Multinational/Indigenous Oil Companies
i. Oil companies in Rivers State need to urgently address the problem of environmental pollution and put an end to gas flares, support conservation and environmental restoration activities in impacted communities.
ii. Oil companies should commence payment of special compensation to communities devastated by environmental degradation occasioned by oil prospecting and exploitation operations.
iii. Oil companies should honour all agreements, especially (G)MOUs. Specifically, SPDC should honour the existing MoU between her and Aminigboko Community and to conduct Stakeholders meeting with Aminigboko Community before commencement of ENWHE FIELD Development Project – GBARAN PHASE 3.
iv.
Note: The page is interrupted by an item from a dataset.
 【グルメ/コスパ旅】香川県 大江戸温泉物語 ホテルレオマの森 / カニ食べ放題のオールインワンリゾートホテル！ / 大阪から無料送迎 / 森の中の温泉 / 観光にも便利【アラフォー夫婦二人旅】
Nigeria Petroleum Development Company (NDDC) should adhere to the proposal of Gbo Kabari Ogoni to cast-in on the “genuine opportunity to robustly engage all stakeholders” before coming up with a comprehensive re-entry plan and a sustainable development blueprint that is acceptable to Ogoni People and all stake holders in respect of OML II which production activities stopped about 26 years ago.
v. Nigerian Agip Oil Company should as a matter of urgency meet with Umuokilide and Umuochidepelu its landlords in Ukpeliedde Town of Ahoada West Local Government Area to address their grievances to avoid the looming show-down between the host communities and the company.
vi. Oil Companies should stop using the military to address disagreements with communities. Companies should adopt a civil approach to conflict resolution in oil producing communities.
i. Community leaders should take initiative to stop the establishment of crude oil cooking camps and cult/criminal gangs’ operational camps in their communities.
ii. Contestants for Chieftaincy spaces should desist from recruiting and arming community youths and contracting cultists in their struggles for access and control of the customary power and also demobilize their “private armies” wherever they exist.
iii. There is an urgent need for community leaders to rebuild community governance institutions to promote transparency and accountability in the management of funds and other benefits accruing to communities.
Iv. Concerted efforts should be made to promote participatory governance by community leaders especially, inclusion of excluded groups such as women, youth and non-indigenes in decision-making process.
Civil Society Organisation (CSO)
i. CSOs should begin to develop specific engagements with communities to address different dimensions of insecurity in Rivers State.
ii. CSOs should mainstream issues of insecurity in their advocacy engagement with the Nigerian government and their international partners.